Hingga saat ini, jumlah rekening pelajar yang telah dibuka mencapai 2.187.810 rekening dengan total nominal simpanan sebesar Rp412,38 miliar. Program tersebut menyasar seluruh jenjang pendidikan, mulai dari SD, SMP, SMA hingga perguruan tinggi sebagai upaya memperluas akses keuangan sekaligus meningkatkan literasi keuangan di kalangan generasi muda.

Meski demikian, Muchlasin menilai keberhasilan program tidak hanya diukur dari jumlah rekening yang dibuka, tetapi juga dari pemanfaatannya oleh para pelajar. “Sebenarnya kalau dilihat untuk program Kejar ini tentu ada evaluasi. Kami akan tetap melakukan komunikasi dengan teman-teman di bank, jangan sampai kita hanya menambah pembukaan rekening tetapi jumlah dana di dalam rekening tidak bertambah,” kata Muchlasin.
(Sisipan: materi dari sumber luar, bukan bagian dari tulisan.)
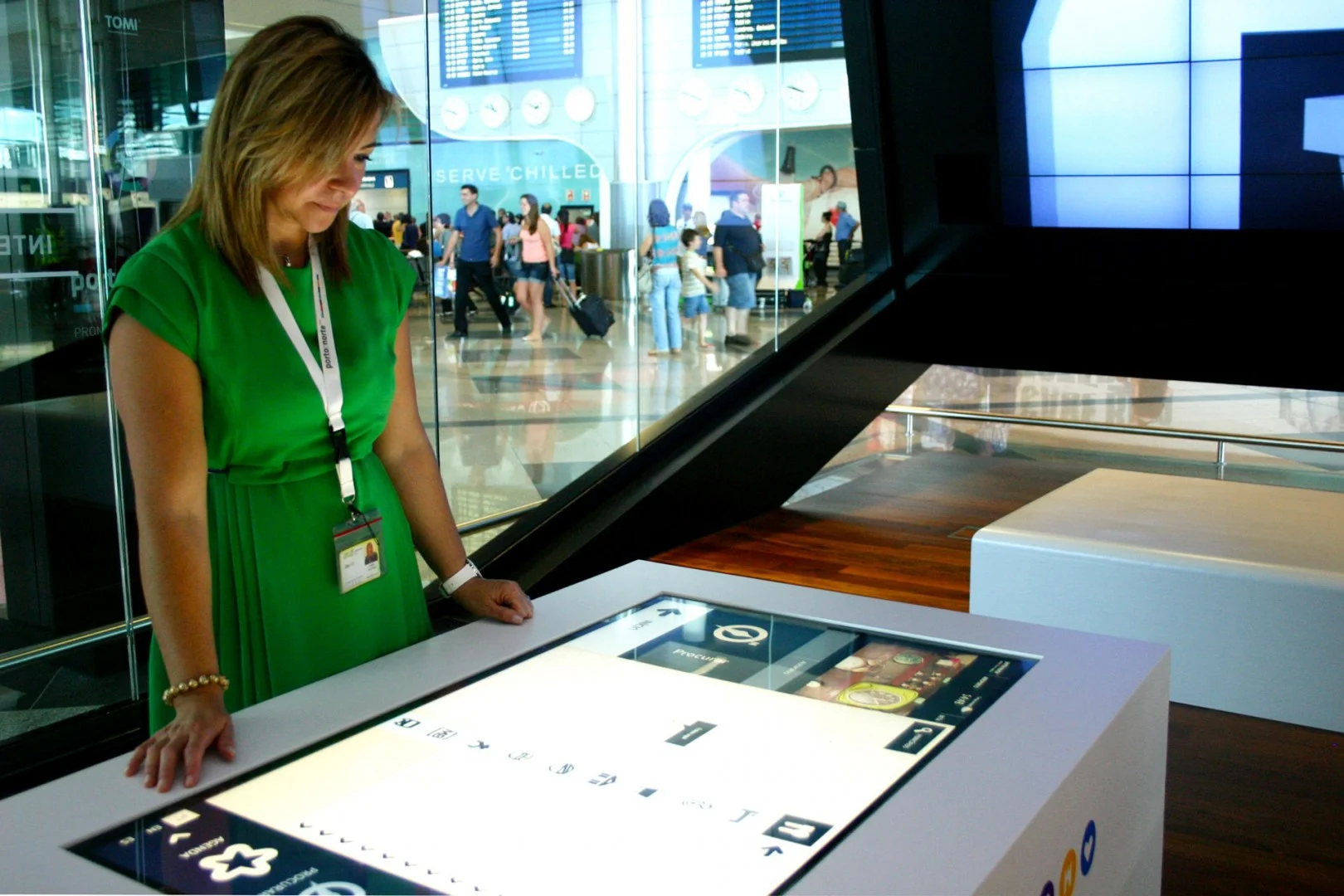 Multitouch table in use at the airport.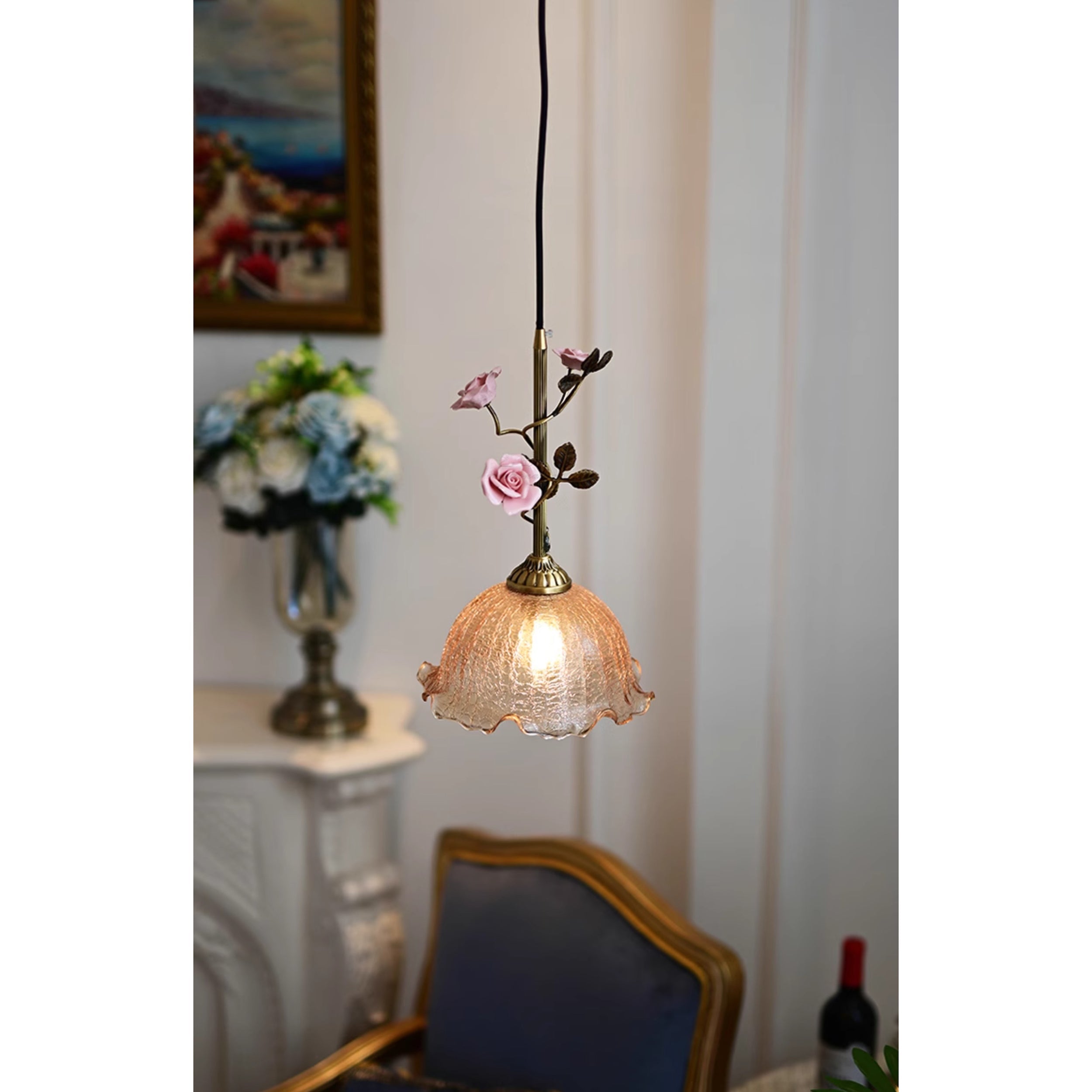 Ilsoris Lampe Pendentive Céramique Verre Rose Créativité Individuelle - Neutralighting
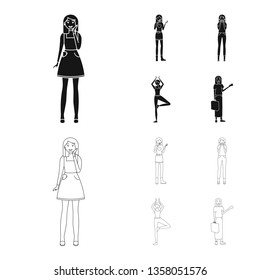 Vector design of posture and mood icon. Set of posture and female stock symbol for web.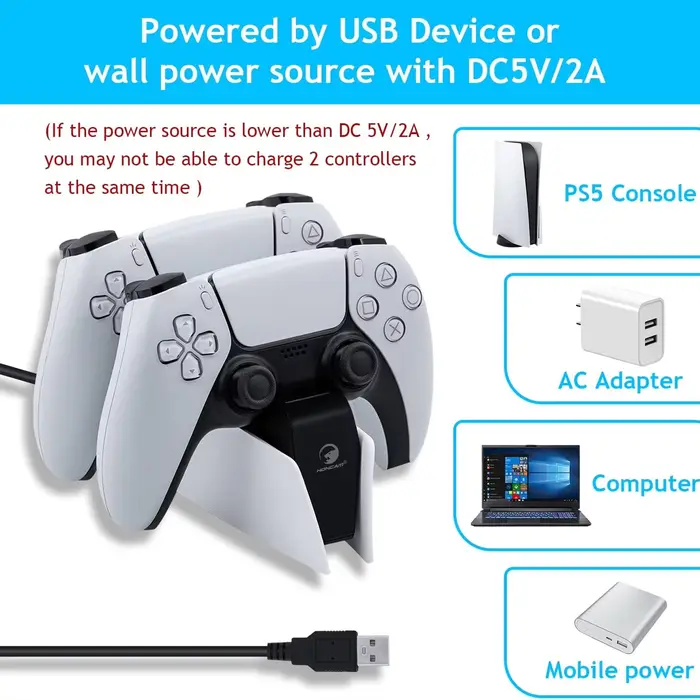 Station de recharge sans fil de jeu pour PS5 avec double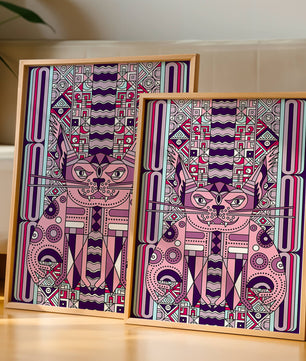 Art de chat géométrique coloré avec motifs abstraits en tons pastel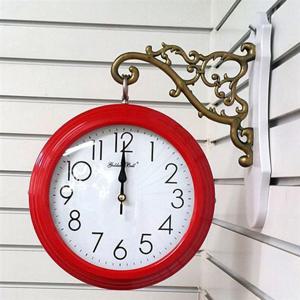 GB2261 무소음 양면 벽시계 레드 제조한국 양면시계 무소음시계 인테리어벽시계 집들이선물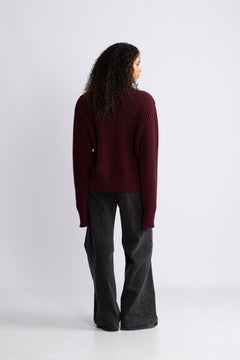 Knit Turtleneck Jumper - Zinfandel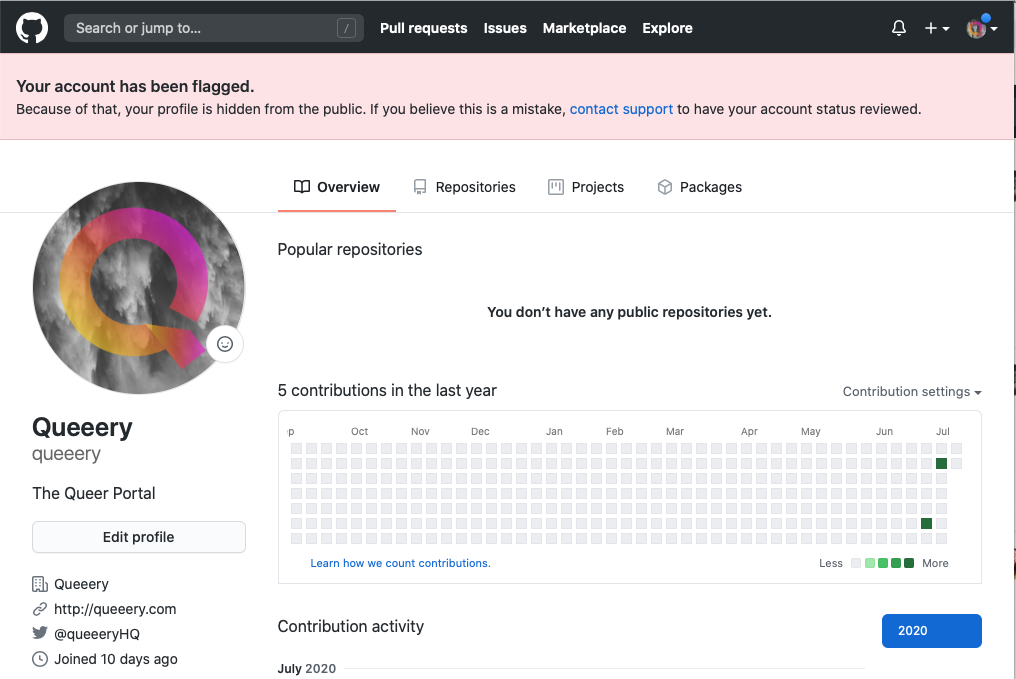 QueeeryHQ's tweet photo. @GitHubHelp Hi hubhelp, Can you please reactivate our account, we recently moved from our founders personal github @Dayanalorza to the companies own github, Thank you.

https://t.co/9j2QyaLAvX https://t.co/u2FG5HzUUp
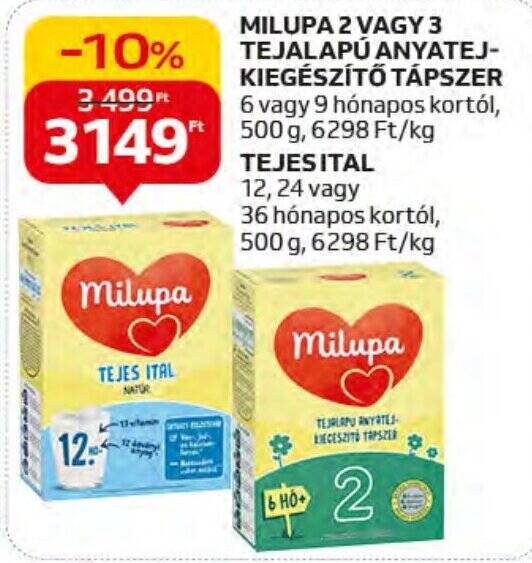 Auchan MILUPA TEJALAPÚ ANYATEJ-KIEGÉSZÍTŐ TÁPSZER stb. 500 g ajánlat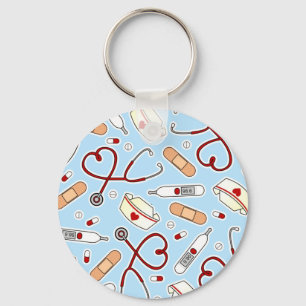 Nurse Love Print Blue Background Keychain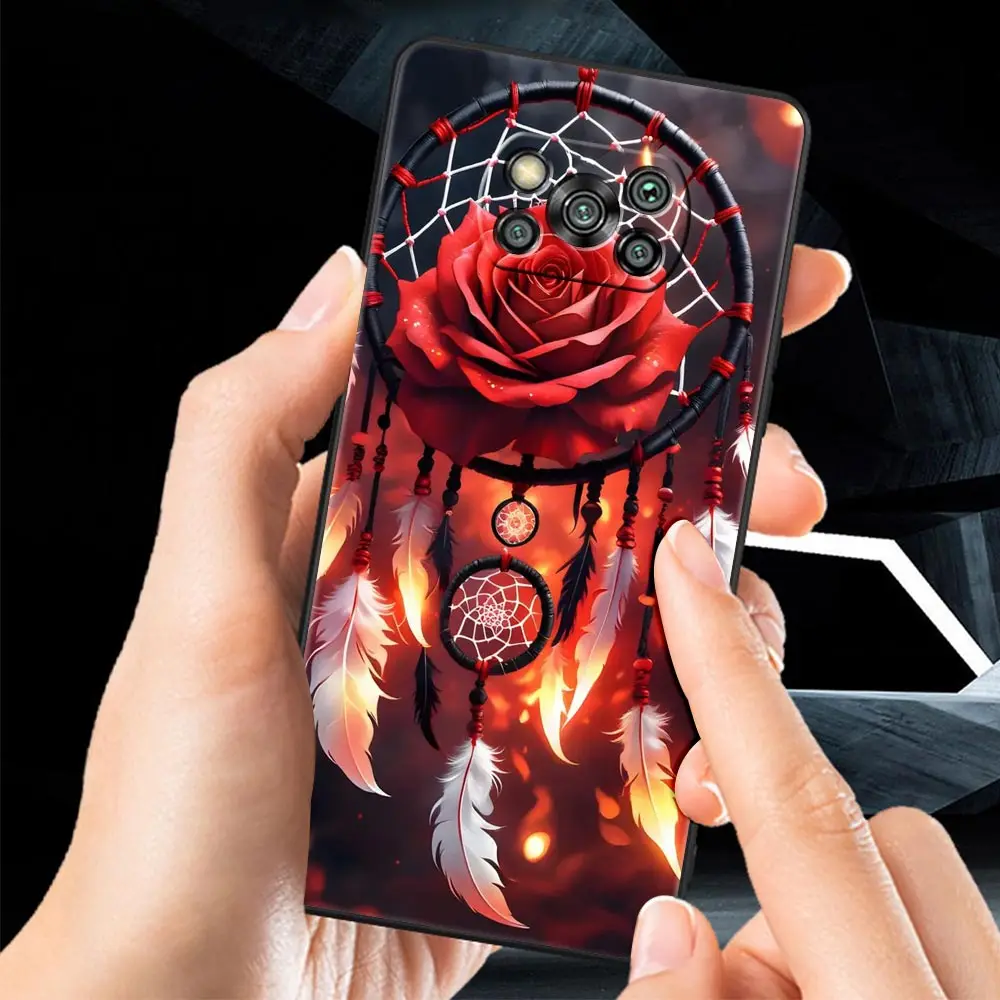 Чехол для телефона Xiaomi Poco F7 F6 F5 F4 F3 X7 X6 X5 X4 X3 NFC M4 C51 C55 GT 5G, мягкий чехол из ТПУ, милый чехол-капас с мандалой и ловцом снов (art.: 3920d9711fb29) - 3920d9711fb29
Ia memastikan akan terus memperkuat sinergi dengan perbankan dan pemerintah daerah agar program Kejar tidak hanya meningkatkan kepemilikan rekening, tetapi juga membangun kebiasaan menabung secara berkelanjutan di kalangan pelajar.

Di sisi lain, Muchlasin mengungkapkan tingkat inklusi keuangan di wilayah perkotaan seperti Kota Makassar, Kabupaten Gowa, dan Kota Parepare relatif lebih tinggi dibandingkan daerah kepulauan seperti Kabupaten Pangkep dan Kabupaten Kepulauan Selayar yang masih membutuhkan peningkatan akses layanan keuangan.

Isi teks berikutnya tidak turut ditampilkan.